The data START

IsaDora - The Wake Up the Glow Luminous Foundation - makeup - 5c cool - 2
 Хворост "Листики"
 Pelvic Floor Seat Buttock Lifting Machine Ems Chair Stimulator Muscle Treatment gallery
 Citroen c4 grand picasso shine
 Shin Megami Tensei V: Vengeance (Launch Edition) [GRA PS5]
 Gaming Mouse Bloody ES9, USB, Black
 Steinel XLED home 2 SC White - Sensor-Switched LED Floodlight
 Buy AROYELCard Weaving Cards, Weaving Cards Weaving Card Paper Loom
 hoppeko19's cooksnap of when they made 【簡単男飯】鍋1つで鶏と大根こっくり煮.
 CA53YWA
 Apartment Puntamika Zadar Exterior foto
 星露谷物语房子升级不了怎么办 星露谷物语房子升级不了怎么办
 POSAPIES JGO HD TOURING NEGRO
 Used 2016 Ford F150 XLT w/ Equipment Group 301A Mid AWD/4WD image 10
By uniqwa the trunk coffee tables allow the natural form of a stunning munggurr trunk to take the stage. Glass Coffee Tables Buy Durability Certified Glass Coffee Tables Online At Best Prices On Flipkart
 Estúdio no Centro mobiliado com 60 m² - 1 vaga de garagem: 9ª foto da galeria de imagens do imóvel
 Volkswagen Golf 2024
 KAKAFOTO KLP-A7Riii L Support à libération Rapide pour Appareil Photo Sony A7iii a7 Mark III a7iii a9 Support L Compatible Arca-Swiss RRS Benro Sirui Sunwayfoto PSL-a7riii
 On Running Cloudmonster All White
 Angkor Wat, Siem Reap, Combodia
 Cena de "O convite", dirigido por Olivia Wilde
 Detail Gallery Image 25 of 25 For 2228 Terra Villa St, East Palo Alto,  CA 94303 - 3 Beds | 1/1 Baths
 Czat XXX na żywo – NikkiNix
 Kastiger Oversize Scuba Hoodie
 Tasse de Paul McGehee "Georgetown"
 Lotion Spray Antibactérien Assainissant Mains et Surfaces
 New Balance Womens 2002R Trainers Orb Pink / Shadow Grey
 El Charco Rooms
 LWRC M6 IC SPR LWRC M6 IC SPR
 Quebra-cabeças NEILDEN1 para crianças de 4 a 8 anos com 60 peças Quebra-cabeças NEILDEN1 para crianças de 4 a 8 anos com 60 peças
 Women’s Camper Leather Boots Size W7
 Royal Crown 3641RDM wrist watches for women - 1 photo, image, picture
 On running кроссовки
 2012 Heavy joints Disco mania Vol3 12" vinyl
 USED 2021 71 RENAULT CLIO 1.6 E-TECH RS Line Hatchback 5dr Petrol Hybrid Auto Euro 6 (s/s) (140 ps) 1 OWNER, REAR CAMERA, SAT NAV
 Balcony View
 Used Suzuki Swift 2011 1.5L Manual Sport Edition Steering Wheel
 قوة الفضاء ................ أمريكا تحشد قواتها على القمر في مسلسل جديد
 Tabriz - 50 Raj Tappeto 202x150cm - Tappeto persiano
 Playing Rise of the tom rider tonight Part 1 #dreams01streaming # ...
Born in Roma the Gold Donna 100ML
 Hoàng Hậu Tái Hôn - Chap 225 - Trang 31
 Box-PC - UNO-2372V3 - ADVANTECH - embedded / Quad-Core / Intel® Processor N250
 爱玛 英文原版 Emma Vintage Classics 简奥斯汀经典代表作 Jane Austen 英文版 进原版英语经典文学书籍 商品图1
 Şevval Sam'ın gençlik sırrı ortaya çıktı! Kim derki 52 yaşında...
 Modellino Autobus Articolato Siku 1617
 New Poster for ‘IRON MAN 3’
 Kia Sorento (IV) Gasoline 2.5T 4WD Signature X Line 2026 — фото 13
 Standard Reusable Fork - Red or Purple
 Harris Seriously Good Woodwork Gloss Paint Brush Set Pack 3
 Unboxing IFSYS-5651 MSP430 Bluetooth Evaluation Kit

The data END

**Task item:** Write out exactly the lines of the entries above that run from the line containing "Women’s Camper Leather Boots Size W7" through the last line, including both.

**Result below:**
 Women’s Camper Leather Boots Size W7
 Royal Crown 3641RDM wrist watches for women - 1 photo, image, picture
 On running кроссовки
 2012 Heavy joints Disco mania Vol3 12" vinyl
 USED 2021 71 RENAULT CLIO 1.6 E-TECH RS Line Hatchback 5dr Petrol Hybrid Auto Euro 6 (s/s) (140 ps) 1 OWNER, REAR CAMERA, SAT NAV
 Balcony View
 Used Suzuki Swift 2011 1.5L Manual Sport Edition Steering Wheel
 قوة الفضاء ................ أمريكا تحشد قواتها على القمر في مسلسل جديد
 Tabriz - 50 Raj Tappeto 202x150cm - Tappeto persiano
 Playing Rise of the tom rider tonight Part 1 #dreams01streaming # ...
Born in Roma the Gold Donna 100ML
 Hoàng Hậu Tái Hôn - Chap 225 - Trang 31
 Box-PC - UNO-2372V3 - ADVANTECH - embedded / Quad-Core / Intel® Processor N250
 爱玛 英文原版 Emma Vintage Classics 简奥斯汀经典代表作 Jane Austen 英文版 进原版英语经典文学书籍 商品图1
 Şevval Sam'ın gençlik sırrı ortaya çıktı! Kim derki 52 yaşında...
 Modellino Autobus Articolato Siku 1617
 New Poster for ‘IRON MAN 3’
 Kia Sorento (IV) Gasoline 2.5T 4WD Signature X Line 2026 — фото 13
 Standard Reusable Fork - Red or Purple
 Harris Seriously Good Woodwork Gloss Paint Brush Set Pack 3
 Unboxing IFSYS-5651 MSP430 Bluetooth Evaluation Kit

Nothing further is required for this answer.